Luis Gispert borrows compositions and symbolism from diverse sources such as art history, hip-hop culture and pulp science fiction to portray mystical scenarios that critique complex cultural issues of race, religion, aesthetics and taste. The characters in Gispert's photos float, fly or hang out in an inside-out/upside-down world that suggests a combination dream state and hip-hop purgatory.
Christina Hejtmanek's works strive to describe a sense of "place" in both a documentary and psychological sense. Her photos are tenuous records of road trips, landscapes and remote destinations. Capturing the moments left behind when passing through a place her painterly, blurred images seem to suggest that one's reality is often fleeting, like a thought or important memory that never quite crystallizes.

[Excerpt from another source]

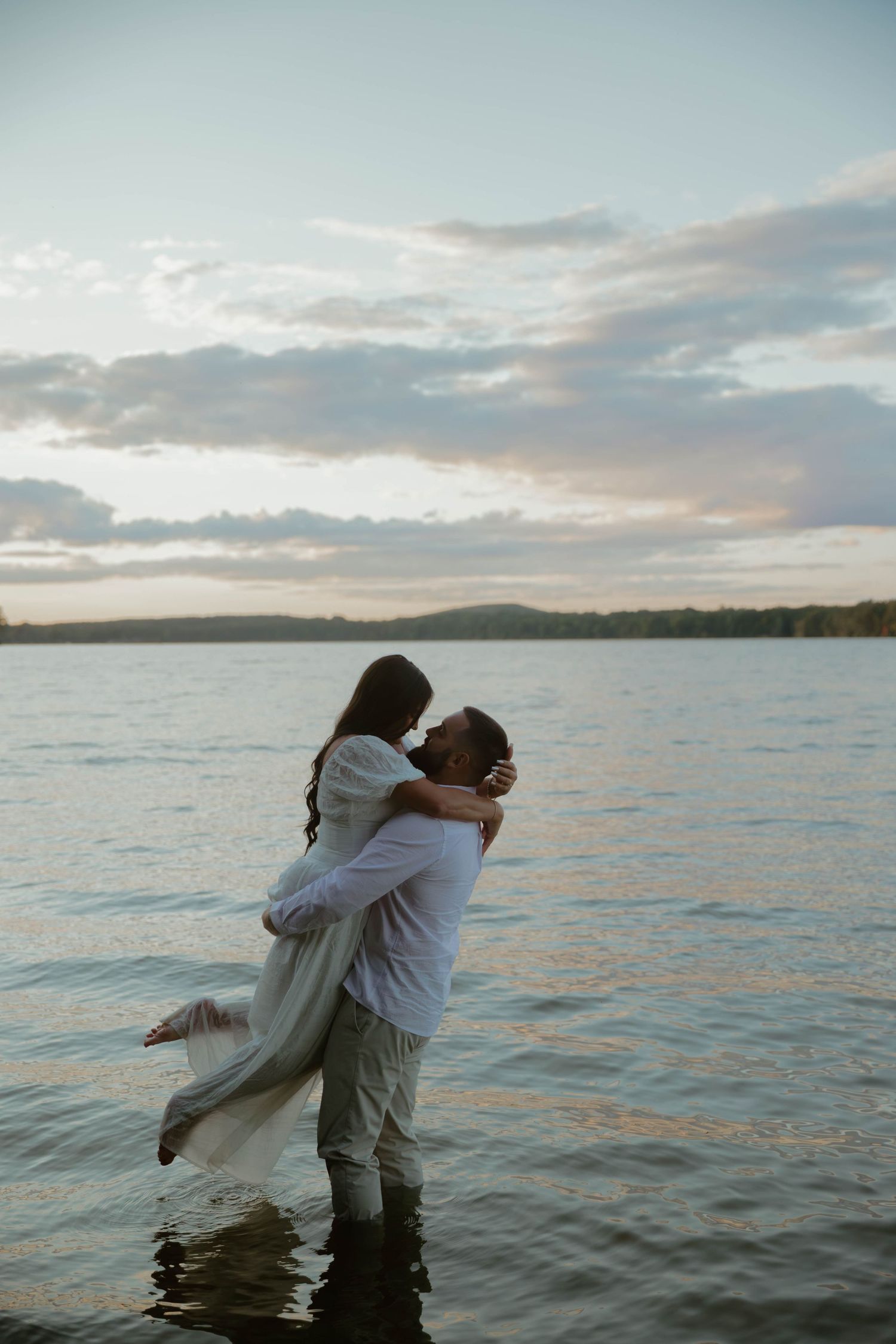 Couple shares romantic dance in ocean waters during sunset with coastal landscape behind them.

Kelly Lamb uses the camera to infiltrate and document various subcultures, from Playboy Bunnies to Yoga retreats. Often engaging loaded issues like sexuality, feminism and spirituality, Lamb ‘s work avoids didactics by using both humor and sublimity to expose and compare the cultural gulfs that exists between Eastern and Western societies and those within our own personal borders.
Pete Riesett photographs the territory of "home" both inside and out. Fascinated with the fortuitous combinations and detritus of our daily lives, his work also looks at the order and disorder people create in various corners of their living environments. While celebrating the formal and compositional possibilities these combinations create, Riesett casts an objective eye on the material objects that we as consumers accumulate and surround ourselves with.

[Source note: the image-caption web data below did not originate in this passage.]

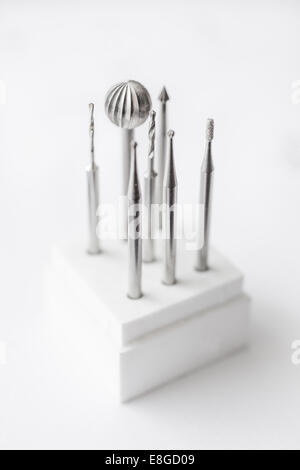 Delicate drill bits used in jewelery-making on a white stand Stock Photo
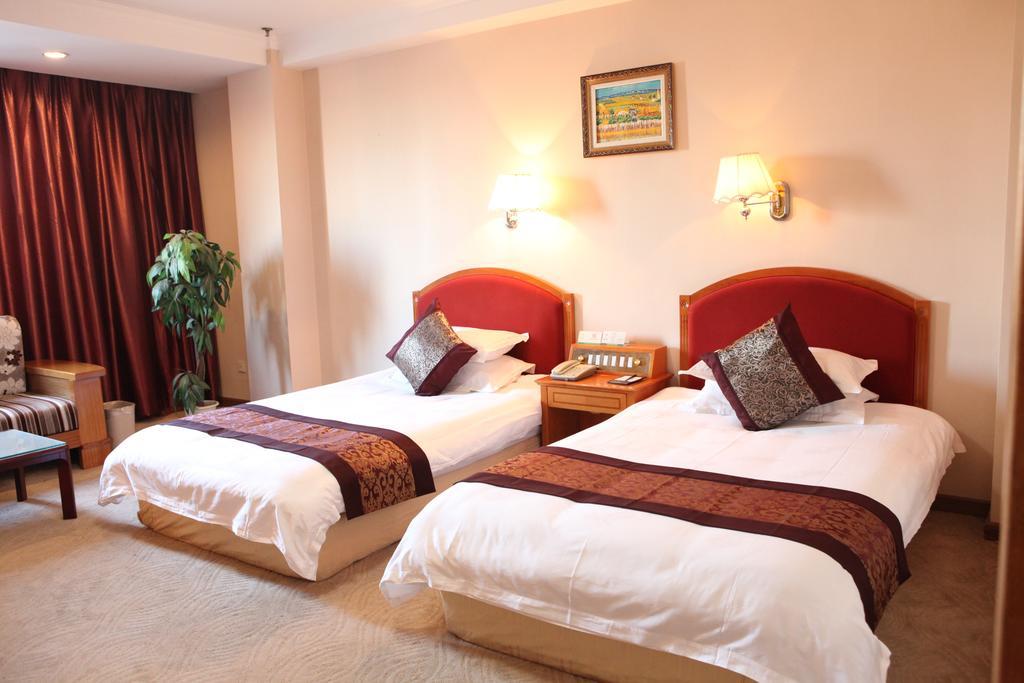 Tianhong Hotel Heze Quarto foto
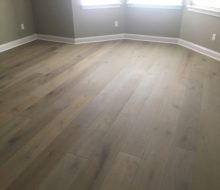 Installed wire brushed oak hardwood flooring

A.L. Steiner strives to "capture certain moments that we see and yet miss all the time". Her intimate photos of lovers and friends prove the complexity of relationships is universal and that emotional intimacy is both elusive and sustaining. Her photos are often grouped according to categories like "color", "food", "sleep" , "love" etc…creating grids of images that form complex dialogues from simple themes.
Dean Sameshima's work explores how photography can reveal it's nature by appropriating and flattening various photographic vocabularies found in advertising, fashion, teenage fan magazines and personal photo albums. By photographing objects of yearning or desire in various contexts, in this case young men at Los Angeles Dance Clubs, Sameshima creates a leveling effect where desire and brief moments of arousal are both captured and ameliorated.